To run the job with more nodes, simply add the node names to the -w flag in the same comma-separated list format.

Configuration Changes

Before launching jobs, some changes must be made to the configuration.

Set NCCL Topology

The NCCL topology file is unique for each CSP, and can be found in CSP’s folder (csp_tools/<csp>/topo.xml).

In launcher_scripts/conf/config.yaml, mount the directory containing the topology file.

Copy
Copied!

            
            container_mounts:
  - /path/to/nemo_megatron_launcher/csp_tools/<csp>/:/nccl

Then set the path of the file in the container.

Copy
Copied!

            
            env_vars:
    NCCL_TOPO_FILE: /nccl/topo.xml

Environment Variables

Some environment variables must be set to ensure correct behavior on CSPs.
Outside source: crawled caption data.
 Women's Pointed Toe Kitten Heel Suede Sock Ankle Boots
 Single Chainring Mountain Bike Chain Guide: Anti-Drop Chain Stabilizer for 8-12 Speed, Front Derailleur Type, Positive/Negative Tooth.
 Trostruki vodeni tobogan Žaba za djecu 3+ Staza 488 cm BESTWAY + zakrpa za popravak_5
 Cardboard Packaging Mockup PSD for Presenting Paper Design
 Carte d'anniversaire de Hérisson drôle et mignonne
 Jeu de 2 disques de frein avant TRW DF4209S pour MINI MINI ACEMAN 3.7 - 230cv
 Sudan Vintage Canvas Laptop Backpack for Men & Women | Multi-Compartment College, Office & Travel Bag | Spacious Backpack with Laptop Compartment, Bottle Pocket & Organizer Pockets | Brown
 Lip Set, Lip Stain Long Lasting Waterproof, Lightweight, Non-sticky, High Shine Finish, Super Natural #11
This can be done through config.yaml.

Azure Variables

Set these environment variables for Azure.

Copy
Copied!

            
            env_vars:
  UCX_IB_PCI_RELAXED_ORDERING: auto
  NCCL_IB_PCI_RELAXED_ORDERING: 2
  NCCL_IB_TIMEOUT: 22
  NCCL_DEBUG: INFO

AWS Variables

AWS recommends setting the following flag to avoid data corruption.

Copy
Copied!

            
            env_vars:
  NCCL_PROTO: simple

Setting this flag reduces training throughput by roughly 2%.